Tested-by: Michael Roth <mdroth@linux.vnet.ibm.com>
Signed-off-by: Richard Henderson <rth@twiddle.net>
---
tcg/arm/tcg-target.inc.c | 112 +++++++++++++++++++++++++++++++++--------------
1 file changed, 80 insertions(+), 32 deletions(-)
diff --git a/tcg/arm/tcg-target.inc.c b/tcg/arm/tcg-target.inc.c
index 98a12535a5..b9890c8bd8 100644
--- a/tcg/arm/tcg-target.inc.c
+++ b/tcg/arm/tcg-target.inc.c
@@ -239,10 +239,11 @@ static void patch_reloc(tcg_insn_unit *code_ptr, int type,
}
}
-#define TCG_CT_CONST_ARM 0x100
-#define TCG_CT_CONST_INV 0x200
-#define TCG_CT_CONST_NEG 0x400
-#define TCG_CT_CONST_ZERO 0x800
+#define TCG_CT_CONST_ARM 0x0100
+#define TCG_CT_CONST_INV 0x0200
+#define TCG_CT_CONST_NEG 0x0400
+#define TCG_CT_CONST_INVNEG 0x0800
+#define TCG_CT_CONST_ZERO 0x1000
/* parse target specific constraints */
static const char *target_parse_constraint(TCGArgConstraint *ct,
@@ -258,6 +259,9 @@ static const char *target_parse_constraint(TCGArgConstraint *ct,
case 'N': /* The gcc constraint letter is L, already used here. */
ct->ct |= TCG_CT_CONST_NEG;
break;
+ case 'M':
+ ct->ct |= TCG_CT_CONST_INVNEG;
+ break;
case 'Z':
ct->ct |= TCG_CT_CONST_ZERO;
break;
@@ -351,8 +355,7 @@ static inline int check_fit_imm(uint32_t imm)

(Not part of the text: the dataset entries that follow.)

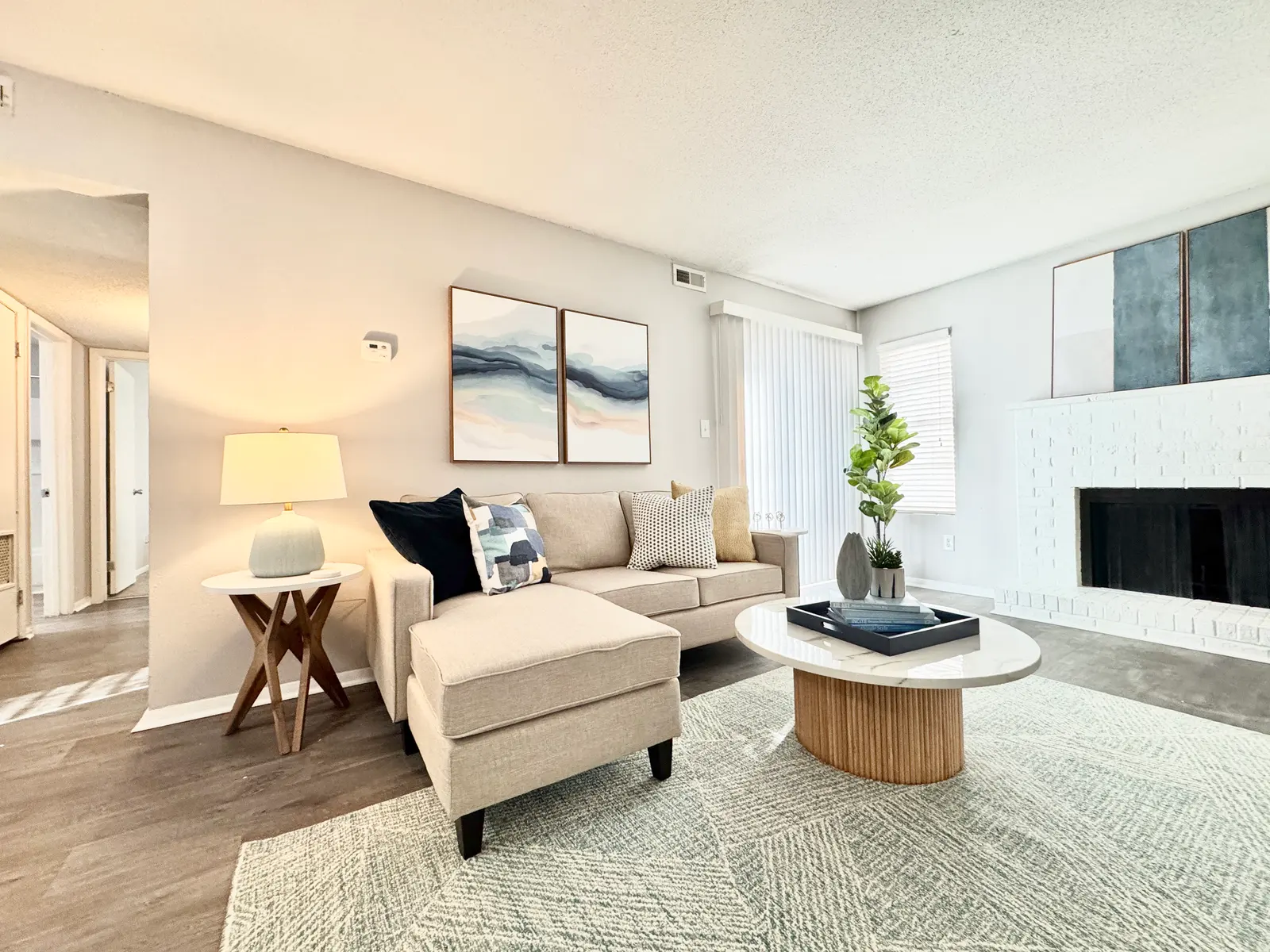 A cozy living room featuring a light-colored sofa with decorative pillows, a round coffee table, and a floor lamp. There are abstract paintings on the wall, large windows with blinds, and a modern white fireplace.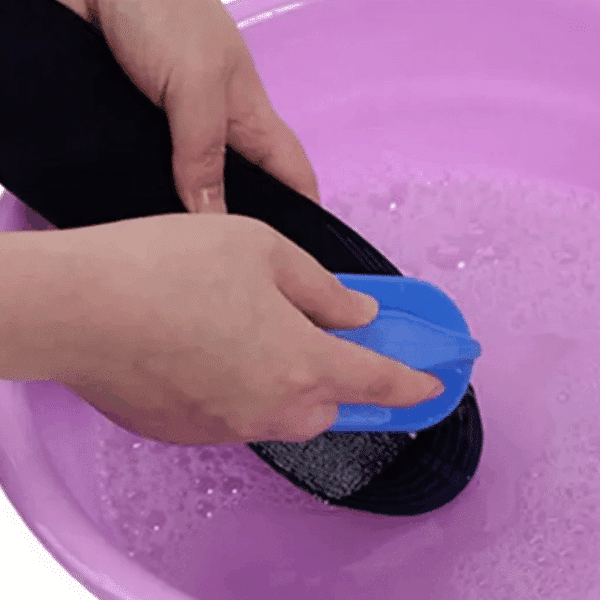 Ruka používá modrý leštící kotouč na černý povrch v fialovém prostředí, pravděpodobně při procesu čištění nebo leštění.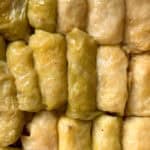 Close-up of several beginner-friendly cabbage rolls tightly packed together, with glossy, light green and yellowish cabbage leaves wrapped around the filling.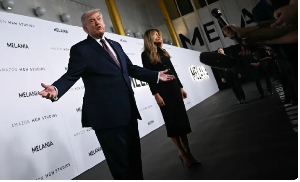 Donald Trump and F Melania Trump speak to journalists as they attend her world premiere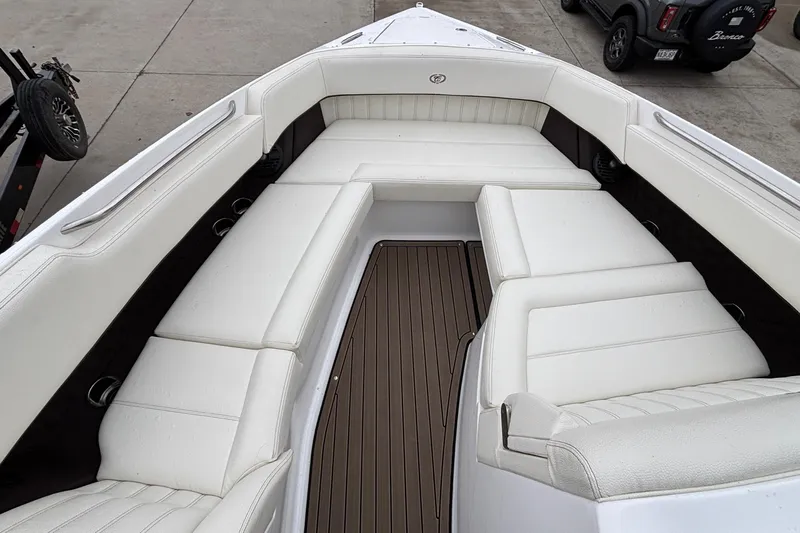 Yacht Photos Pics 2022 Cobalt R35 boat interior with white seating and brown flooring.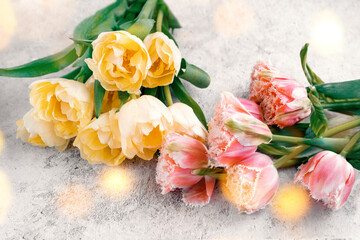 yellow tulips and pink tulips on a gray concrete background. Bouquet for a gift. Festive congratulations on Mother's Day, March 8, Birthday and Valentine's Day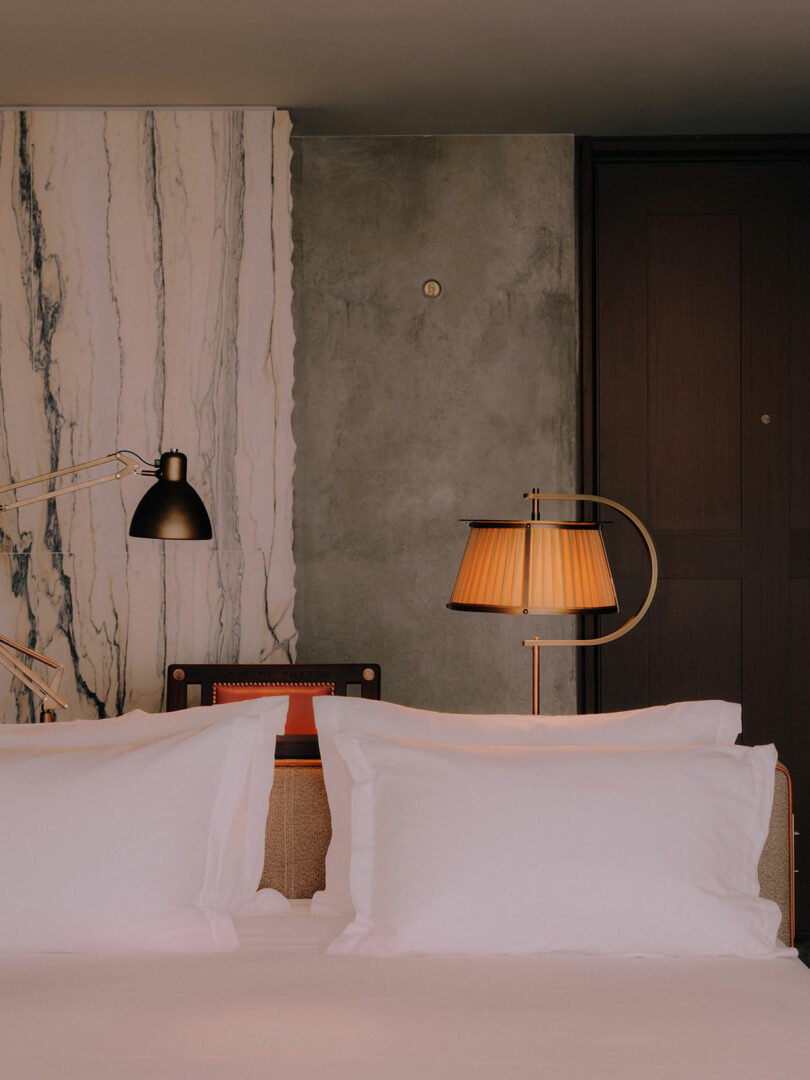 A neatly made bed with white pillows and sheets, two lamps on either side, and a marble and concrete accent wall in the background.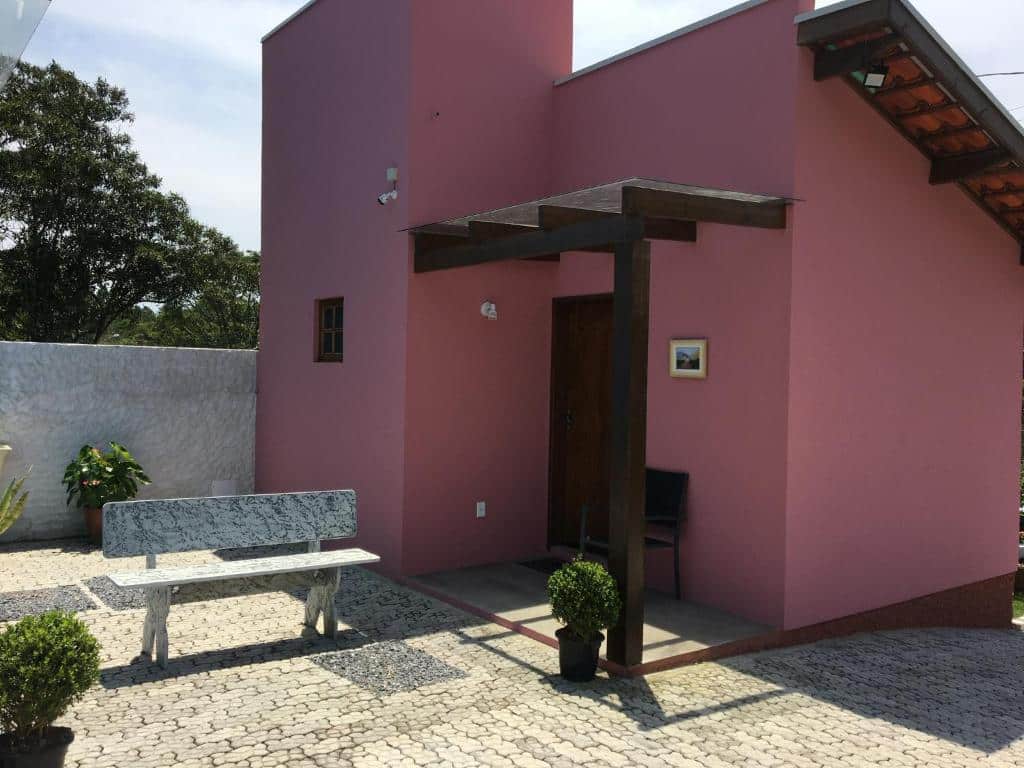 Parte externa do Chalé Mantiqueira que mostra uma casa cor de rosa com uma porta de madeira, uma janela, uma cadeira, uma cobertura de madeira com vidro e um banco na frente do chalé. Imagem ilustrando post Airbnb em Cunha.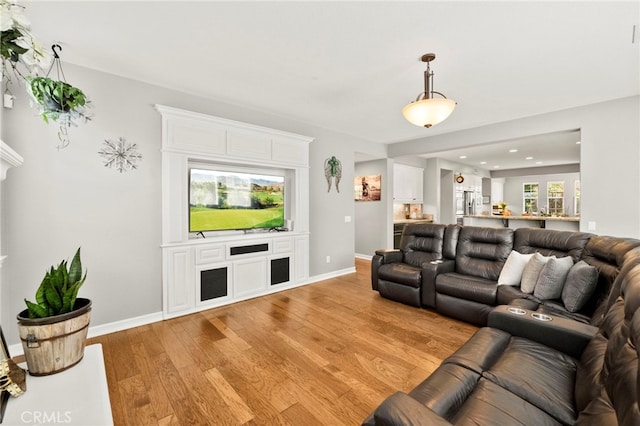 46287 Durango Dr, Temecula, CA 92592 - living room featuring light wood-style flooring and recessed lighting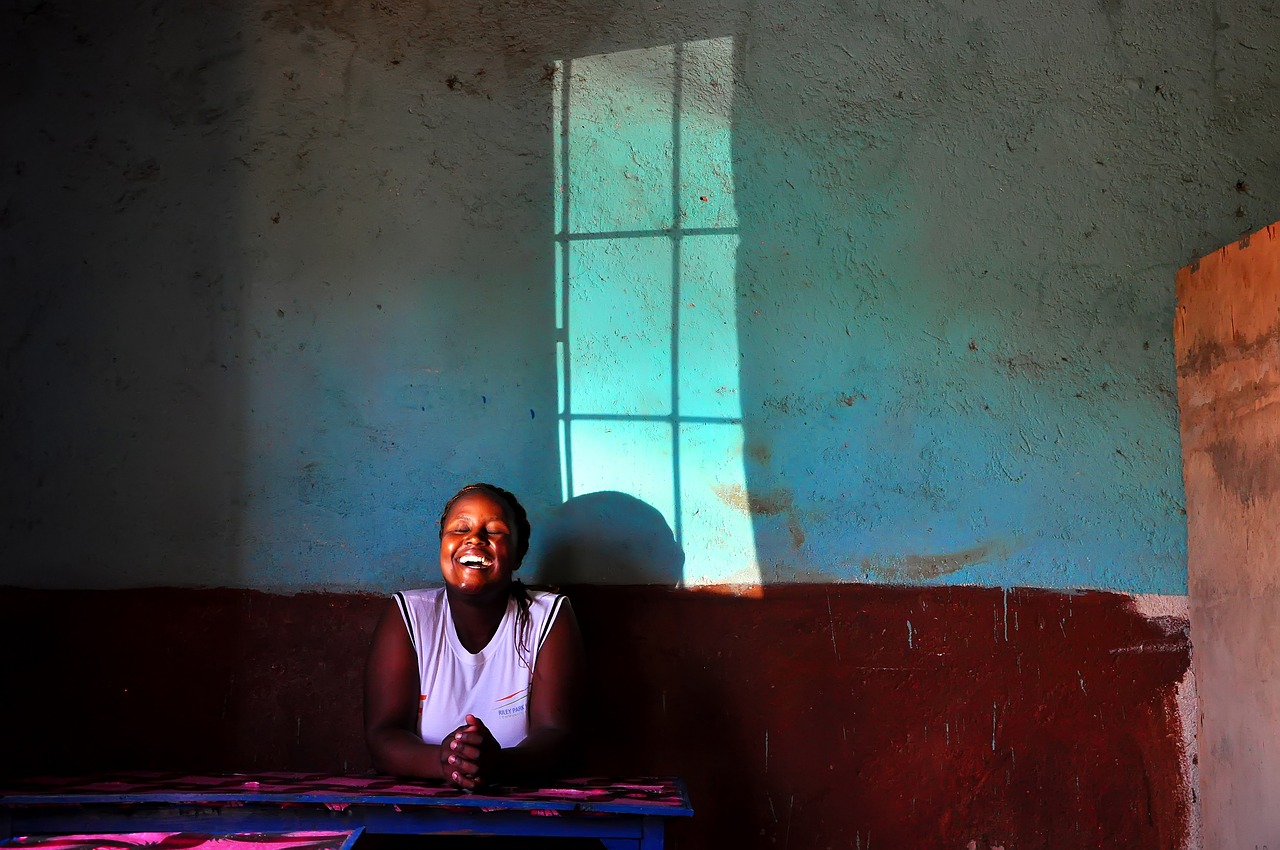 A woman laughing while sitting in front of a wall near light cast through a window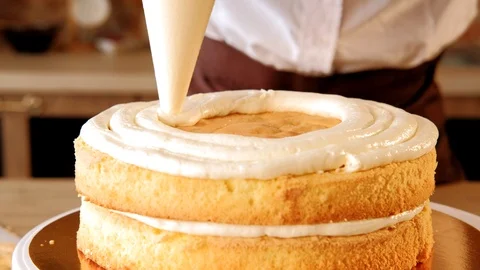 Cake recipe pastry chef piping filling sponge cake Stock Footage 112220181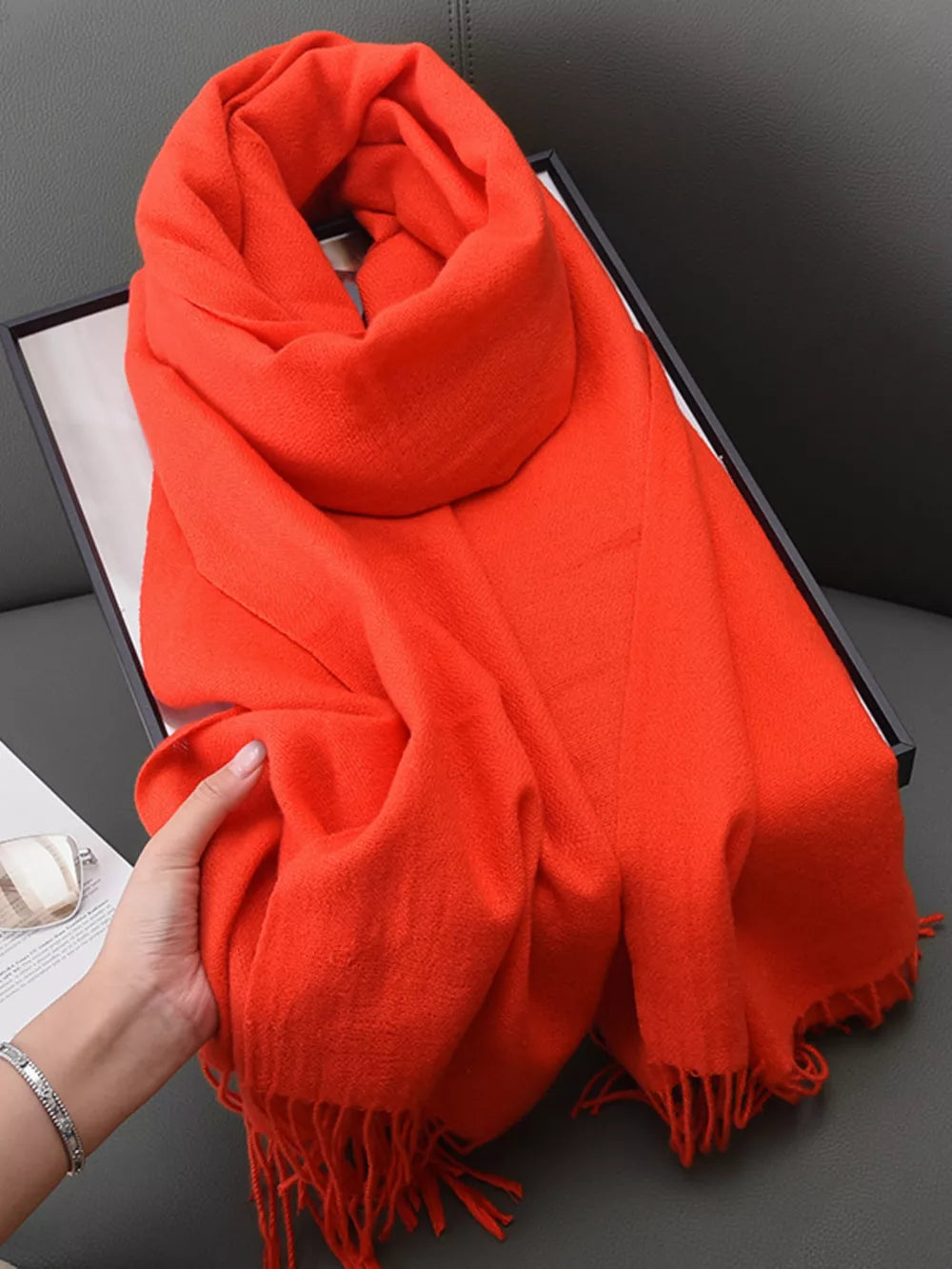 Orange scarf with fringe detail and a soft texture, styled in a box.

static inline int tcg_target_const_match(tcg_target_long val, TCGType type,
const TCGArgConstraint *arg_ct)
{
- int ct;
- ct = arg_ct->ct;
+ int ct = arg_ct->ct;
if (ct & TCG_CT_CONST) {
return 1;
} else if ((ct & TCG_CT_CONST_ARM) && check_fit_imm(val)) {
@@ -361,6 +364,9 @@ static inline int tcg_target_const_match(tcg_target_long val, TCGType type,
return 1;
} else if ((ct & TCG_CT_CONST_NEG) && check_fit_imm(-val)) {
return 1;
+ } else if ((ct & TCG_CT_CONST_INVNEG)
+ && check_fit_imm(~val) && check_fit_imm(-val)) {
+ return 1;
} else if ((ct & TCG_CT_CONST_ZERO) && val == 0) {
return 1;
} else {
@@ -1103,6 +1109,64 @@ static inline void tcg_out_mb(TCGContext *s, TCGArg a0)
}
}
+static TCGCond tcg_out_cmp2(TCGContext *s, const TCGArg *args,
+ const int *const_args)
+{
+ TCGReg al = args[0];
+ TCGReg ah = args[1];
+ TCGArg bl = args[2];
+ TCGArg bh = args[3];
+ TCGCond cond = args[4];
+ int const_bl = const_args[2];
+ int const_bh = const_args[3];
+
+ switch (cond) {
+ case TCG_COND_EQ:
+ case TCG_COND_NE:
+ case TCG_COND_LTU:
+ case TCG_COND_LEU:
+ case TCG_COND_GTU:
+ case TCG_COND_GEU:
+ /* We perform a conditional comparision. If the high half is
+ equal, then overwrite the flags with the comparison of the
+ low half. The resulting flags cover the whole. */
+ tcg_out_dat_rIN(s, COND_AL, ARITH_CMP, ARITH_CMN, 0, ah, bh, const_bh);
+ tcg_out_dat_rIN(s, COND_EQ, ARITH_CMP, ARITH_CMN, 0, al, bl, const_bl);
+ return cond;
+
+ case TCG_COND_LT:
+ case TCG_COND_GE:
+ /* We perform a double-word subtraction and examine the result.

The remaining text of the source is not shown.